[Data excerpts]

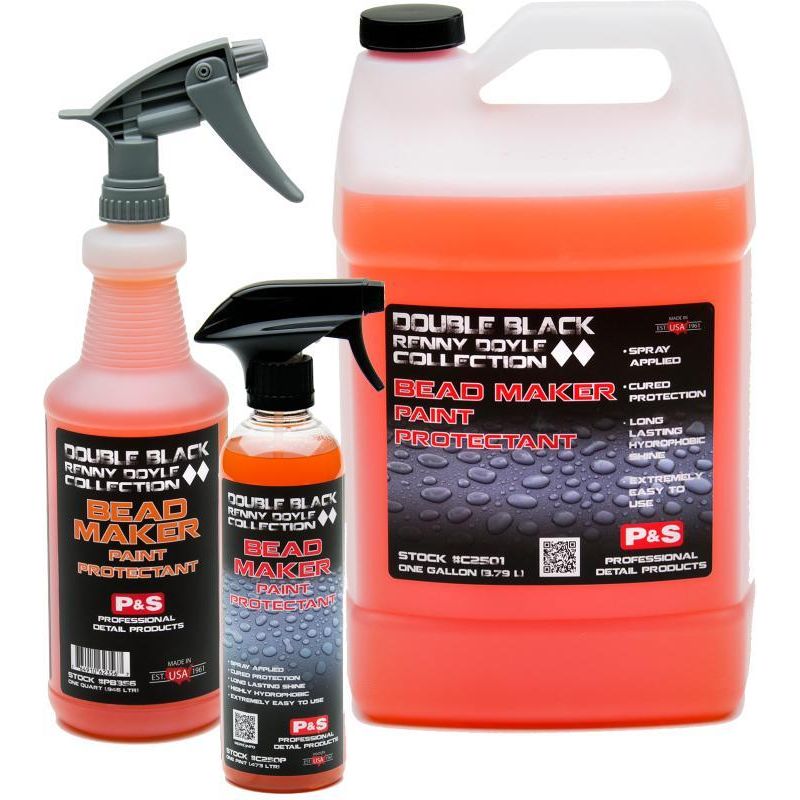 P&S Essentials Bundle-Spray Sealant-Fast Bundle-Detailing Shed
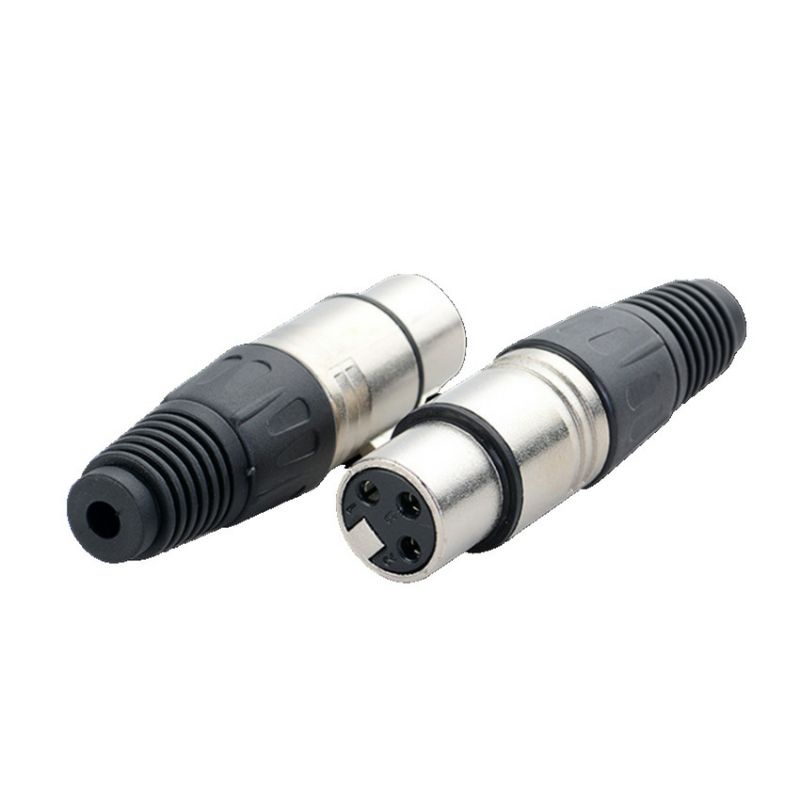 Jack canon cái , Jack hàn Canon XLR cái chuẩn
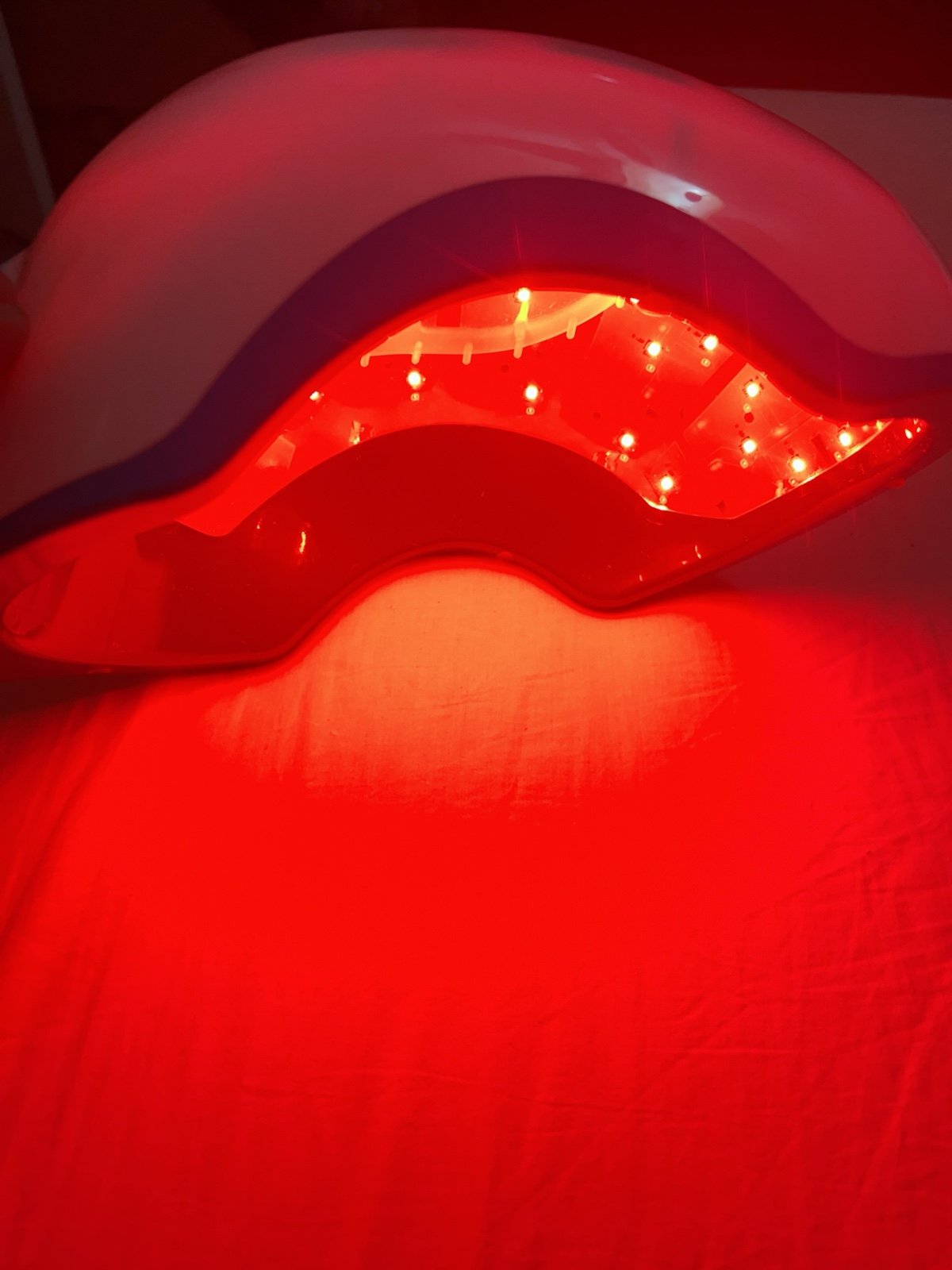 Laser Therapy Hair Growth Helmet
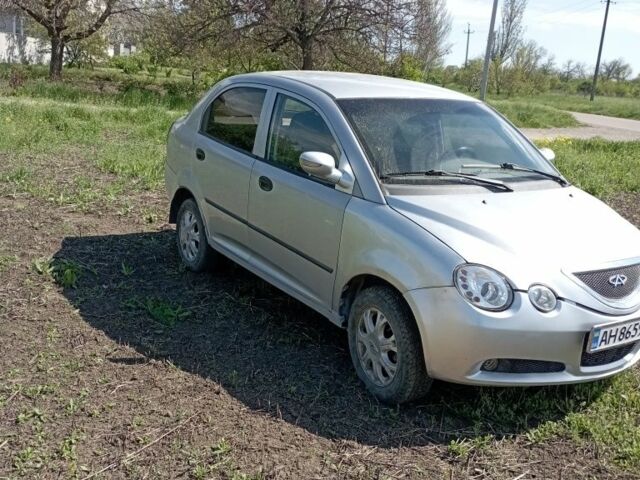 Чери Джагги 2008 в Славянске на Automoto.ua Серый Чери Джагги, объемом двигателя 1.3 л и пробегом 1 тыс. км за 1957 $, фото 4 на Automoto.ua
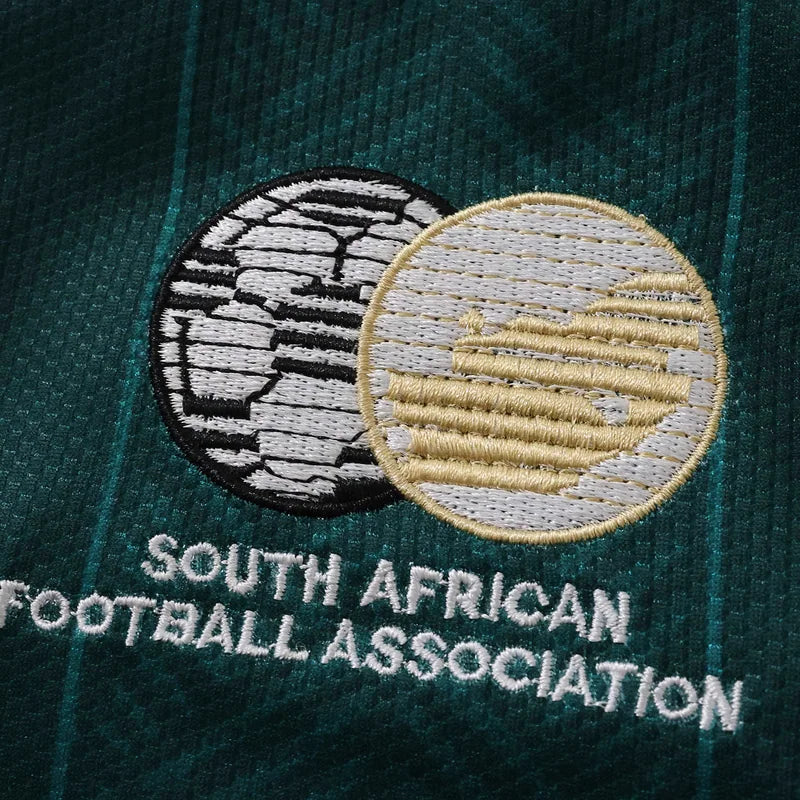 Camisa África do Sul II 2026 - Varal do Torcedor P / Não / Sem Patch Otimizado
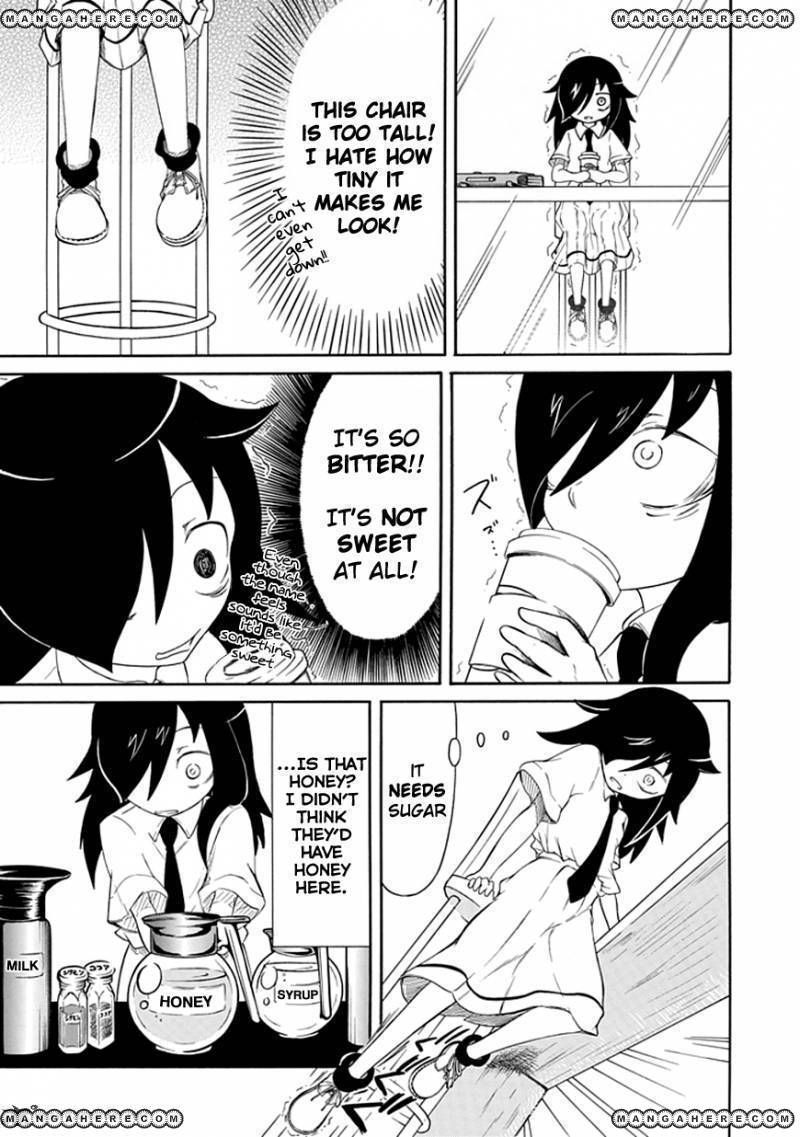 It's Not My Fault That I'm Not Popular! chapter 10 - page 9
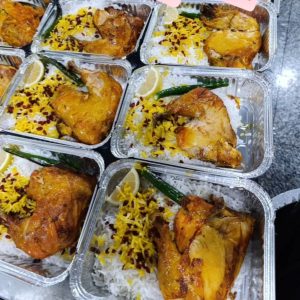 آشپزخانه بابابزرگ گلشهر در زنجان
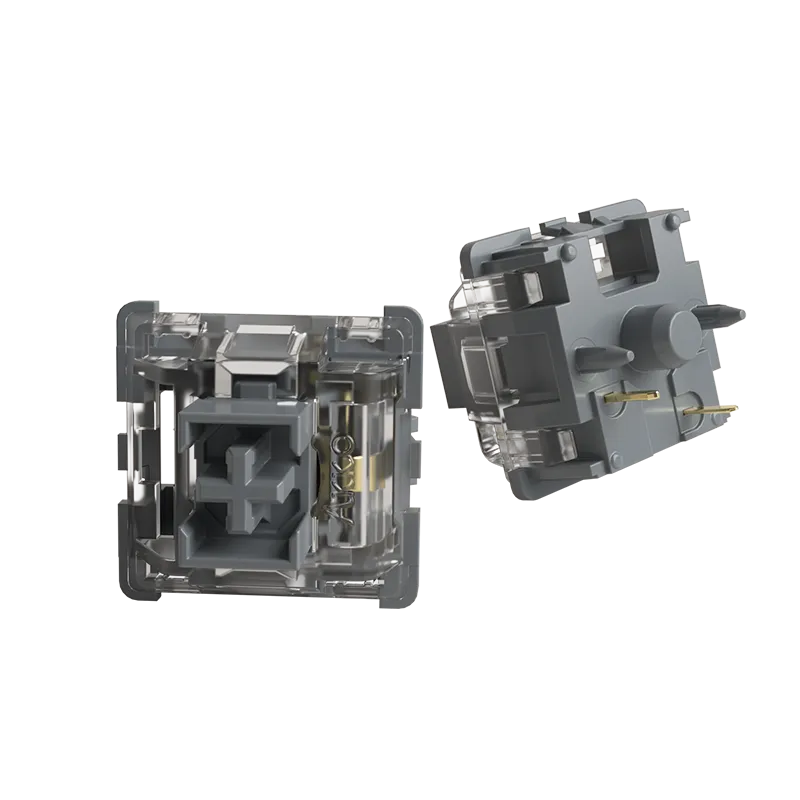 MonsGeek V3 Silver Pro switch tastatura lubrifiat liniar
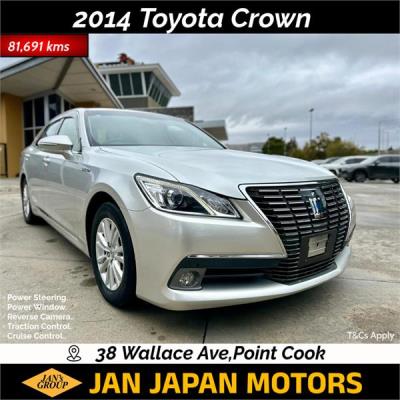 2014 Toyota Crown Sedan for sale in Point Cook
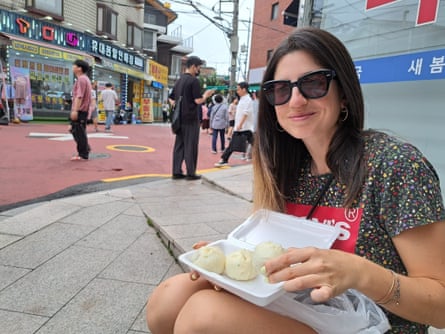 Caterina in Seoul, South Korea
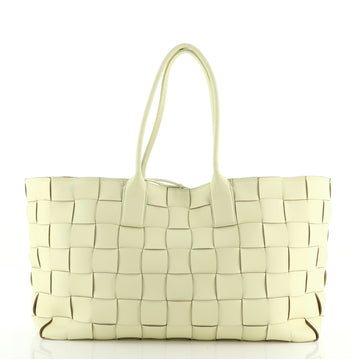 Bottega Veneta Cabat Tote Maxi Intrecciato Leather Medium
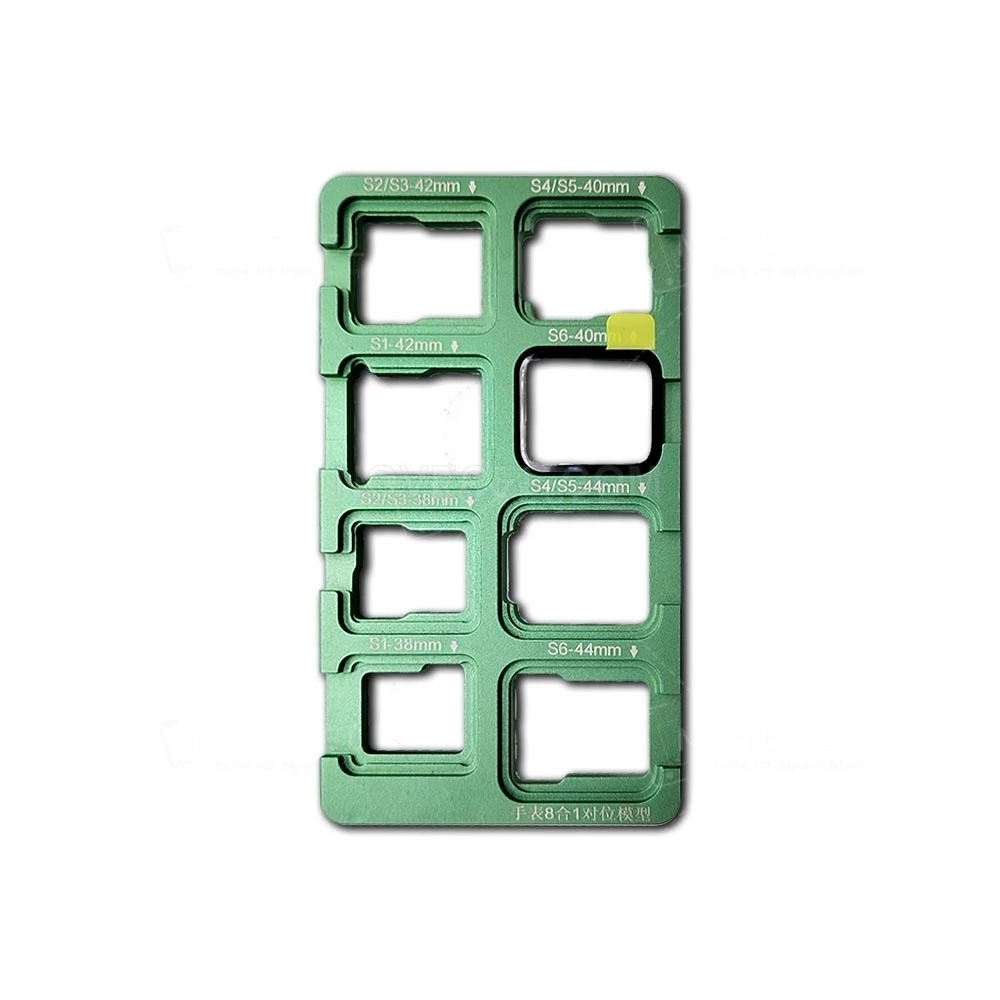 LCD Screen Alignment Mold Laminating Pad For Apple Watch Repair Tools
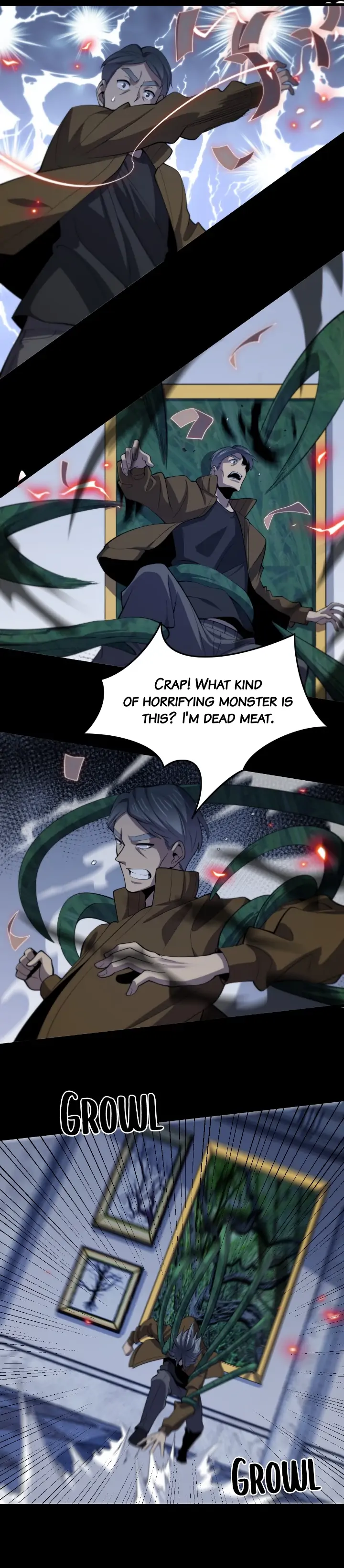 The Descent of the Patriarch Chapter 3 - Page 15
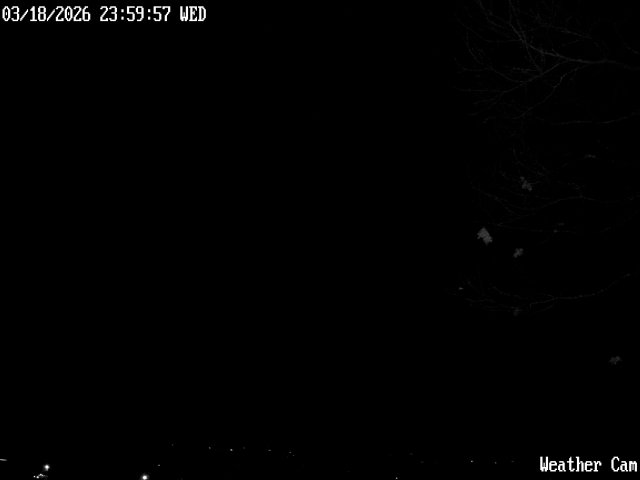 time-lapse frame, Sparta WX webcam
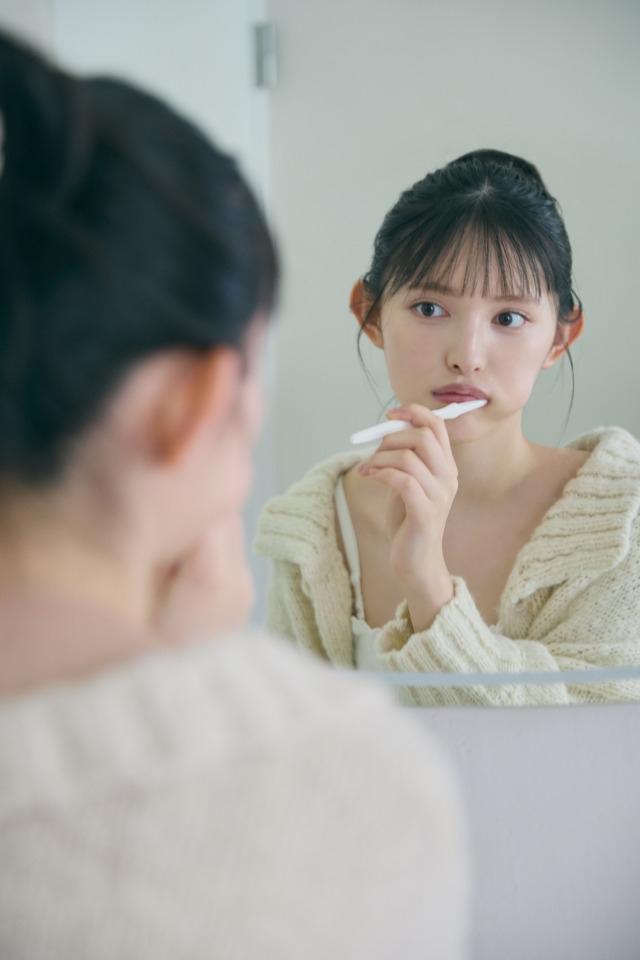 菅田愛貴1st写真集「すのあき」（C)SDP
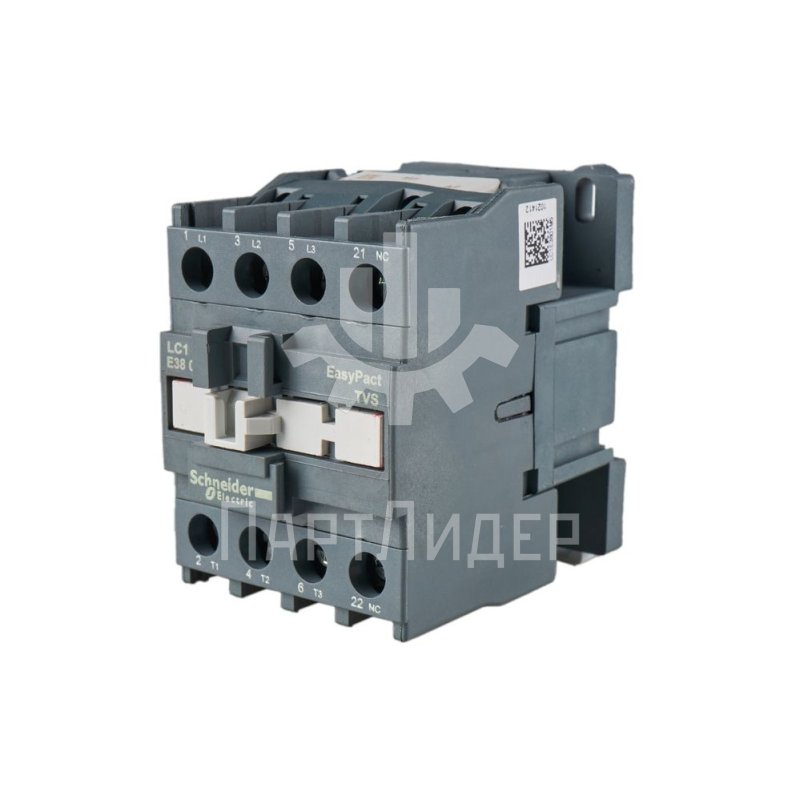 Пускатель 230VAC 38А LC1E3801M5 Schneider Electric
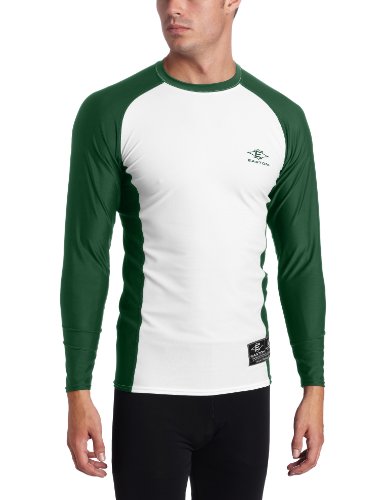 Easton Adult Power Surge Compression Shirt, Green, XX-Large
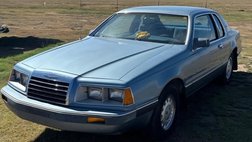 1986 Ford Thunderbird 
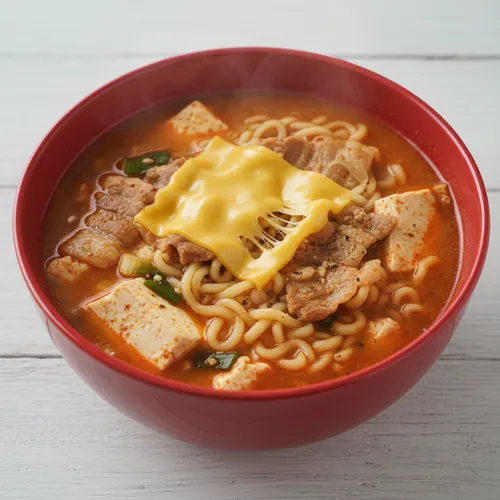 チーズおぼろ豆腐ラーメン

Directions for this task ::
Copy only the lines above from the one containing "Laser Therapy Hair Growth Helmet" through the one containing "time-lapse frame, Sparta WX webcam", both included. Leave out the pictures.

Expected answer ::
 Laser Therapy Hair Growth Helmet
 Чери Джагги 2008 в Славянске на Automoto.ua Серый Чери Джагги, объемом двигателя 1.3 л и пробегом 1 тыс. км за 1957 $, фото 4 на Automoto.ua
 Camisa África do Sul II 2026 - Varal do Torcedor P / Não / Sem Patch Otimizado
 It's Not My Fault That I'm Not Popular! chapter 10 - page 9
 آشپزخانه بابابزرگ گلشهر در زنجان
 MonsGeek V3 Silver Pro switch tastatura lubrifiat liniar
 2014 Toyota Crown Sedan for sale in Point Cook
 Caterina in Seoul, South Korea
 Bottega Veneta Cabat Tote Maxi Intrecciato Leather Medium
 LCD Screen Alignment Mold Laminating Pad For Apple Watch Repair Tools
 The Descent of the Patriarch Chapter 3 - Page 15
 time-lapse frame, Sparta WX webcam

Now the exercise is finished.